» **Exercise details**
Set down, please, exactly the lines below that run from the line with "Haukedalen Hytter Viksdalen Luaran gambar" to the line with "Hitachi ZX 350-3 Lánctalpas kotrók", both lines included.

-=-=-

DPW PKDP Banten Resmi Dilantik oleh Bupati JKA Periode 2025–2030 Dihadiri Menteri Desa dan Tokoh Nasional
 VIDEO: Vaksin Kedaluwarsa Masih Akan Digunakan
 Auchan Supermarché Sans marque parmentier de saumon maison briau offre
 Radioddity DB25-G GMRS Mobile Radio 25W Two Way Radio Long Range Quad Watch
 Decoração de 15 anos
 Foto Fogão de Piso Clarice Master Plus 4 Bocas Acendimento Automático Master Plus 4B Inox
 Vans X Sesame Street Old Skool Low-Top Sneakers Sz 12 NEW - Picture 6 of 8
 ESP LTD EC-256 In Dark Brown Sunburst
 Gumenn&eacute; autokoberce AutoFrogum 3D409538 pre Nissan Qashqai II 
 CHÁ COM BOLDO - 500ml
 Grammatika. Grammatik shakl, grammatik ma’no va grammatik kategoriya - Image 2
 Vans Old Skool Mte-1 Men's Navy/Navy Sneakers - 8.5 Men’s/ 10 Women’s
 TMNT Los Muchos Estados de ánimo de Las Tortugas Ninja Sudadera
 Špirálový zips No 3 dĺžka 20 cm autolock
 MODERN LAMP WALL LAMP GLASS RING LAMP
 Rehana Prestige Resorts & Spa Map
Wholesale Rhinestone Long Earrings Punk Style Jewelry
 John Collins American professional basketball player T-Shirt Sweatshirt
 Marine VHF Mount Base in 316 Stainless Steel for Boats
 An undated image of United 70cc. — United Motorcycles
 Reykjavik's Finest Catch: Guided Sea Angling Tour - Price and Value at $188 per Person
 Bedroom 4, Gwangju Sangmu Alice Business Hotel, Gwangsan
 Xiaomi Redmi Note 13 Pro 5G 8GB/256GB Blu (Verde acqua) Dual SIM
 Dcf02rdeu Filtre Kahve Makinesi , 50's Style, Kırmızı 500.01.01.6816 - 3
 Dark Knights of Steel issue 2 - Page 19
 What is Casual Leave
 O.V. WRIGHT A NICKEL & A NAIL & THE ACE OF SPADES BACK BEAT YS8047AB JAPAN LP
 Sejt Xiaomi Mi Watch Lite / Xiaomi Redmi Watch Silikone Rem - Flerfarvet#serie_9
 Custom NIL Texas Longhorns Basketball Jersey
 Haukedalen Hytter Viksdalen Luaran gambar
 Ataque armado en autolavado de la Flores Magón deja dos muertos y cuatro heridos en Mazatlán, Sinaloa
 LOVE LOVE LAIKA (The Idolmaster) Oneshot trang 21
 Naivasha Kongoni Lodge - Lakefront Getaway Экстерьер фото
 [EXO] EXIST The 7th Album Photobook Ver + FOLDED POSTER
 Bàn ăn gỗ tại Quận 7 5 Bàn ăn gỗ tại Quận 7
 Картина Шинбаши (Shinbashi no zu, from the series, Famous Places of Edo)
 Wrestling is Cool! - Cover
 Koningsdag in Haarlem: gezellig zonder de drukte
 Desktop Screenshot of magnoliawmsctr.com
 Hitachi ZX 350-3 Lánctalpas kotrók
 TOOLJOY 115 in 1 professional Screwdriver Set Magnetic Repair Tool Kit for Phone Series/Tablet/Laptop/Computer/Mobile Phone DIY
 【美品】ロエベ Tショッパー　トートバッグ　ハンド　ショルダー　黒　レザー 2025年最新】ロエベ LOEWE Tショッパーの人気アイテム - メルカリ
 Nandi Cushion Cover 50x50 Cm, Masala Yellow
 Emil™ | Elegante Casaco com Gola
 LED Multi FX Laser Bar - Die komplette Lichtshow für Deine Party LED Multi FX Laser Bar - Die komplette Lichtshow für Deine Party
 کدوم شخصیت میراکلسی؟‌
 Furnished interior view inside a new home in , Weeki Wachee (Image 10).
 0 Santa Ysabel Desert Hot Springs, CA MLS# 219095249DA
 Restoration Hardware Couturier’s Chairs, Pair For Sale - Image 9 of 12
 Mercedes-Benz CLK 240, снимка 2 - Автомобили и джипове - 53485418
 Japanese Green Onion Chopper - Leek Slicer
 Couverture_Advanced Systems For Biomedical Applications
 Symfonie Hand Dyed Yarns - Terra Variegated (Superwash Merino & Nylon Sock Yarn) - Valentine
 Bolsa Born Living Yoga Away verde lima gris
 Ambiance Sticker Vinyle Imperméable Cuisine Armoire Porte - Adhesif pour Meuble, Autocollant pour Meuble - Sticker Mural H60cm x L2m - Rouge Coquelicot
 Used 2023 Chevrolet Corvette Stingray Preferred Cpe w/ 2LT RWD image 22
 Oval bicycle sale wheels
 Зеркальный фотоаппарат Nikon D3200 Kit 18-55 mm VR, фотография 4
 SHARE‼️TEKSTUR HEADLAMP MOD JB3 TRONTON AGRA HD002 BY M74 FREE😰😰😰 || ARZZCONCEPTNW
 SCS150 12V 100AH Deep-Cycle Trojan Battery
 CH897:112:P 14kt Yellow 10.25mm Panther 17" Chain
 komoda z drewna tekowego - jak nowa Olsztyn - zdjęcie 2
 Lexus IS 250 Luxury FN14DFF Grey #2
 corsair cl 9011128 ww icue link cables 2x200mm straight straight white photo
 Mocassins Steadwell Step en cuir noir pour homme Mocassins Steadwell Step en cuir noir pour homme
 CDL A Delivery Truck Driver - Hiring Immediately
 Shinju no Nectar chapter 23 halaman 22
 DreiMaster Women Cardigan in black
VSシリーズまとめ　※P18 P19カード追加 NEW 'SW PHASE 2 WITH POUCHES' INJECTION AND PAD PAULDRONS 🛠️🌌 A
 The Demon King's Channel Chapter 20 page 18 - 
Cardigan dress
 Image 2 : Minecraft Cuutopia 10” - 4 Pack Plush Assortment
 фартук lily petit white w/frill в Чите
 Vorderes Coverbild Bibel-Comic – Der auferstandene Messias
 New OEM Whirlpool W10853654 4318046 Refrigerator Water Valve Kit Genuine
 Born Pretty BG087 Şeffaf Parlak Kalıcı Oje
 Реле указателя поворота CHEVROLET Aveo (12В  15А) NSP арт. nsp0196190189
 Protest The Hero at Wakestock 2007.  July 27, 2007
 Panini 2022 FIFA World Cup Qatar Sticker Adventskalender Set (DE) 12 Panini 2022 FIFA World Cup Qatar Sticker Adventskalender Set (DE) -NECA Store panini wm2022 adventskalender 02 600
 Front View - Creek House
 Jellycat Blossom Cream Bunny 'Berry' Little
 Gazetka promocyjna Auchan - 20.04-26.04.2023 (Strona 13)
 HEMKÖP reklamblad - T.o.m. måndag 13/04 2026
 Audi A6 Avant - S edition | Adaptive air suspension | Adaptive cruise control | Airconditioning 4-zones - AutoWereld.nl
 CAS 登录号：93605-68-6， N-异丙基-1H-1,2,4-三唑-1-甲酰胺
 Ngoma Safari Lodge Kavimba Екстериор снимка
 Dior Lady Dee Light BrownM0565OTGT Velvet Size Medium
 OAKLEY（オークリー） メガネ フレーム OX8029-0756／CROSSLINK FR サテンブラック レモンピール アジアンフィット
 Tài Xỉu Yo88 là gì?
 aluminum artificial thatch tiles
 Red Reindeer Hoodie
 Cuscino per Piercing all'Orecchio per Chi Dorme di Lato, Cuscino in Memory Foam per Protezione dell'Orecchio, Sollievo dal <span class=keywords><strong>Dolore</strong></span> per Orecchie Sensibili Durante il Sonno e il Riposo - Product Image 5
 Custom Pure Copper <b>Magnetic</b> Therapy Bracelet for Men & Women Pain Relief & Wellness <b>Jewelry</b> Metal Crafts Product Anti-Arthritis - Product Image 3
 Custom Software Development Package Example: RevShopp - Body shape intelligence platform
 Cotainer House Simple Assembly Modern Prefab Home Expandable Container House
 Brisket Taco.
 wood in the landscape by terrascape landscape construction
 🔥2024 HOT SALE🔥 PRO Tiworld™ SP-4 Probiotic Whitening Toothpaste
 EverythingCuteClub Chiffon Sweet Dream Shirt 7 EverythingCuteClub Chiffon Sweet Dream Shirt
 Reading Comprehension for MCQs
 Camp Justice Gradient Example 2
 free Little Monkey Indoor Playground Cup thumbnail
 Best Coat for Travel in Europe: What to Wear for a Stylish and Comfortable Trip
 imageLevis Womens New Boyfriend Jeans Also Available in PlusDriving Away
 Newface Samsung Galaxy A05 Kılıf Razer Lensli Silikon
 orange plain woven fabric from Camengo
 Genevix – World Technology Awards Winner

-=-=-

» **Your response**
 Haukedalen Hytter Viksdalen Luaran gambar
 Ataque armado en autolavado de la Flores Magón deja dos muertos y cuatro heridos en Mazatlán, Sinaloa
 LOVE LOVE LAIKA (The Idolmaster) Oneshot trang 21
 Naivasha Kongoni Lodge - Lakefront Getaway Экстерьер фото
 [EXO] EXIST The 7th Album Photobook Ver + FOLDED POSTER
 Bàn ăn gỗ tại Quận 7 5 Bàn ăn gỗ tại Quận 7
 Картина Шинбаши (Shinbashi no zu, from the series, Famous Places of Edo)
 Wrestling is Cool! - Cover
 Koningsdag in Haarlem: gezellig zonder de drukte
 Desktop Screenshot of magnoliawmsctr.com
 Hitachi ZX 350-3 Lánctalpas kotrók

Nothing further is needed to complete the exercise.